Remove any unwanted columns.

There are a number of ways to create the empty table needed in step 2. You could use the #table() function if you’re confident writing M code, and the following single line query (no Let needed) does the job:

[sourcecode language=”text”]
#table(
type table [Product=text, Month=text, Sales=number],
{})
[/sourcecode]

Alternatively, if you wanted something that an end user could configure themselves, you could start with a table in Excel like this:

then transpose it, use the first row of the resulting table as the header row, then set the data types on each table to get the same output:

[sourcecode language=”text”]
let
Source = Excel.CurrentWorkbook(){[Name="Columns"]}[Content],
#"Transposed Table" = Table.Transpose(Source),
#"First Row as Header" = Table.PromoteHeaders(#"Transposed Table"),
#"Changed Type" = Table.TransformColumnTypes(#"First Row as Header",
{{"Product", type text}, {"Month", type text}, {"Sales", Int64.Type}})
in
#"Changed Type"
[/sourcecode]

Assuming that this query is called ExpectedColumns, it’s then a trivial task to create a third query that appends the ExpectedColumns query onto the end of the GetSourceData query. If GetSourceData includes all the columns it should then this append will have no effect at all; if some of the columns have changed names or disappeared, you’ll see all of the columns present from both GetSourceData and ExpectedColumns in the output of the append. For example if the Month column in GetSourceData is renamed Months then the output of the append will look like this:

Finally, in this third query you need to select all the columns you want (ie all those in the ExpectedColumns query) and right click/Remove Other Columns, so you remove all the columns you don’t want. In the previous example that gives you:

The point here is that even though the Month column only contains nulls, and the actual month names have been lost, the fact that the columns are all correct means that you won’t get any errors downstream and your PivotTables won’t be reformatted etc. Once you’ve fixed the problem in the source data and refreshed your queries, everything will go back to normal.

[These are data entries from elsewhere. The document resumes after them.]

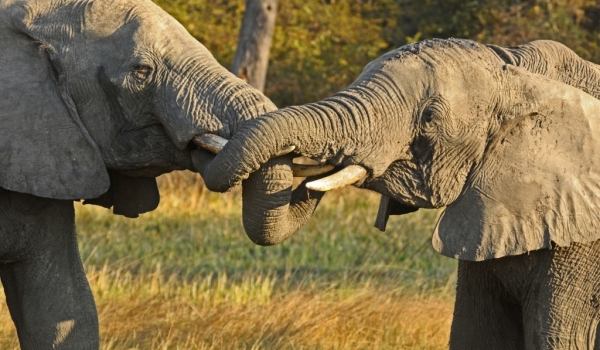 Zambia – Elephant congratulations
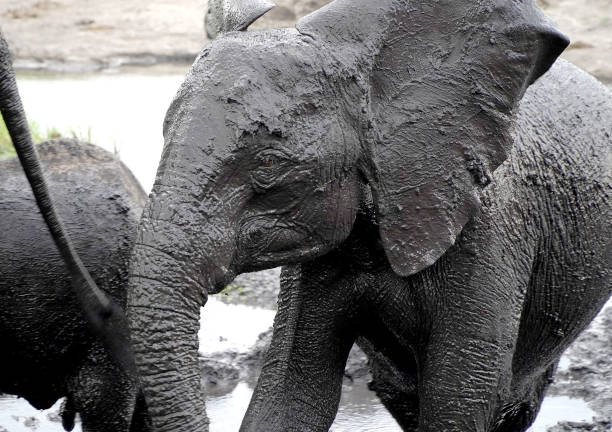 African elephants in Chobe national park, Botswana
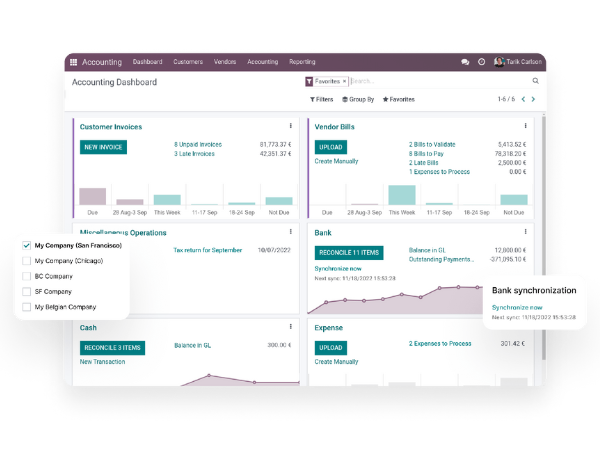Odoo Financial Apps implementation services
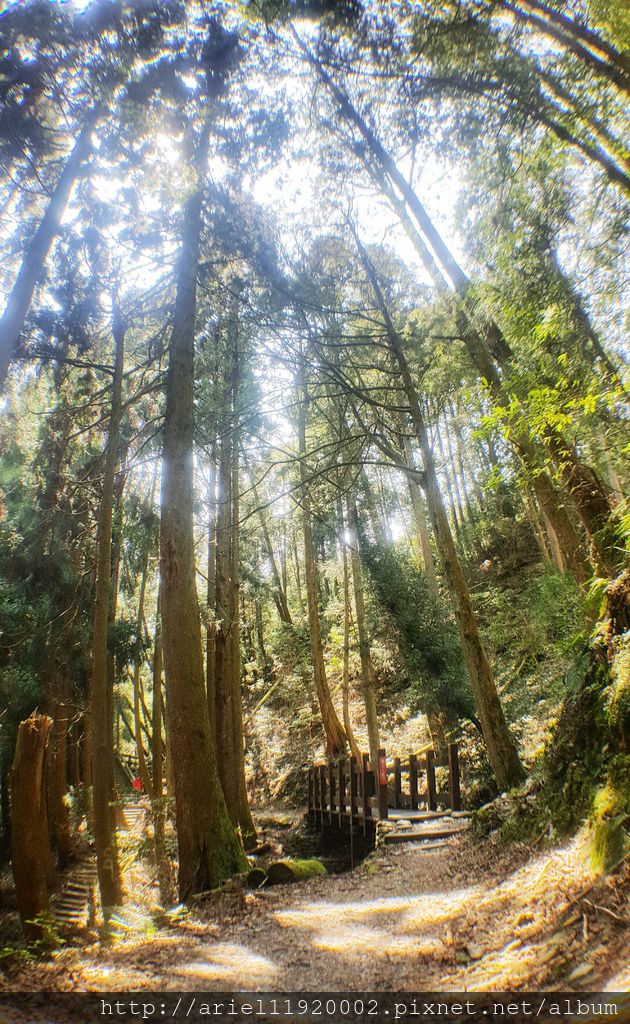 20180319_195917 20180319_195917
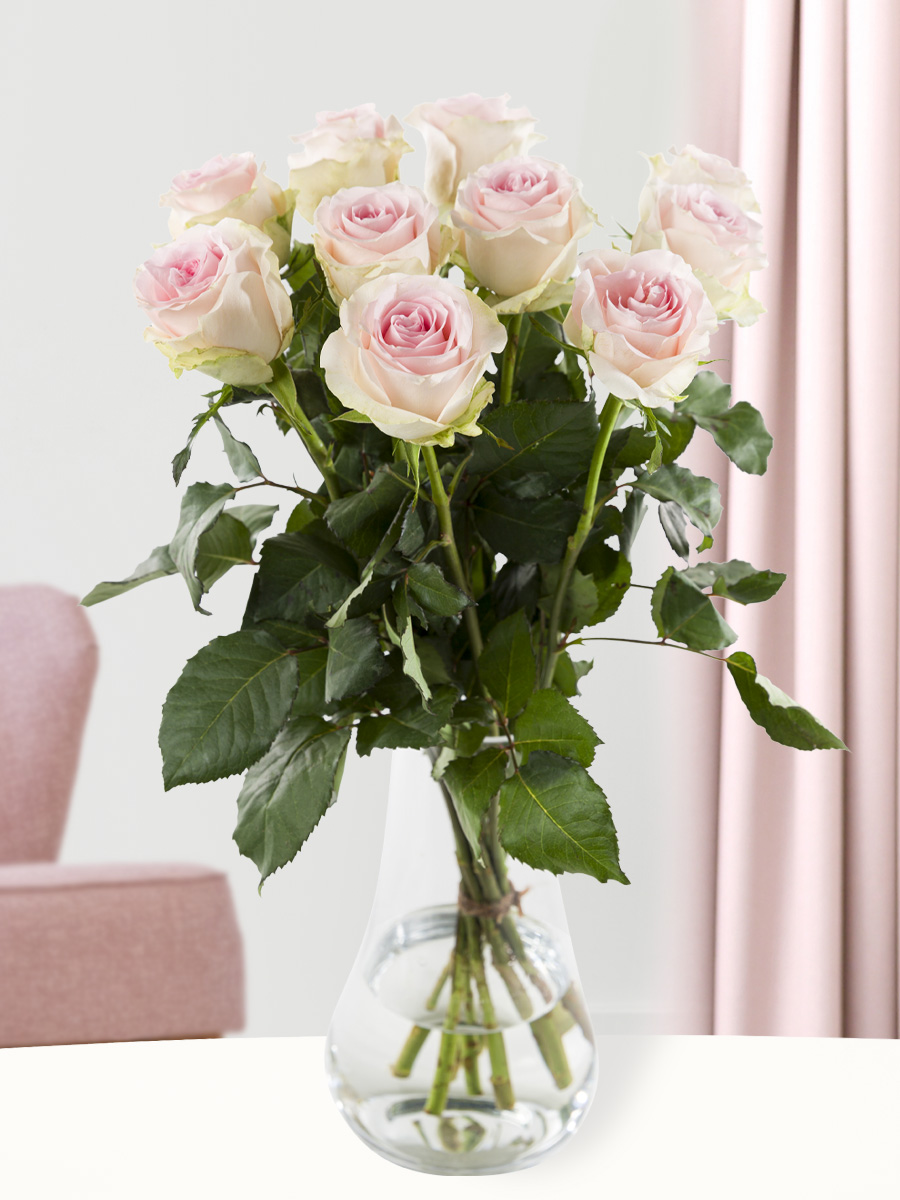 10 zachtroze rozen - XL rozen - Sweet Revival 1 10 zachtroze rozen - XL rozen - Sweet Revival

Here’s the code for this third query:

[sourcecode language=”text” padlinenumbers=”true”]
let
Source = GetSourceData,
Append = Table.Combine({Source,ExpectedColumns}),
#"Removed Other Columns" = Table.SelectColumns(Append,{"Product", "Month", "Sales"})
in
#"Removed Other Columns"
[/sourcecode]

For bonus points, here’s another query that compares the columns in GetSourceData and ExpectedColumns and lists any columns that have been added to or are missing from GetSourceData:

[sourcecode language=”text”]
let
//Connect to Excel table containing expected column names
ExcelSource = Excel.CurrentWorkbook(){[Name="Columns"]}[Content],
//Get list of expected columns
ExpectedColumns = Table.Column(ExcelSource, "ColumnName"),
//Get a list of column names in csv
CSVColumns = Table.ColumnNames(GetSourceData),
//Find missing columns
MissingColumns = List.Difference(ExpectedColumns, CSVColumns),
//Find added columns
AddedColumns = List.Difference(CSVColumns, ExpectedColumns),
//Report what has changed
OutputMissing = if List.Count(MissingColumns)=0 then
"No columns missing" else
"Missing columns: " & Text.Combine(MissingColumns, ","),
OutputAdded = if List.Count(AddedColumns)=0 then
"No columns added" else
"Added columns: " & Text.Combine(AddedColumns, ","),
Output = OutputMissing & " " & OutputAdded
in
Output
[/sourcecode]

You can download the sample workbook for this post here.

10 thoughts on “Ensuring Columns Are Always Present In A Table Returned By Power Query”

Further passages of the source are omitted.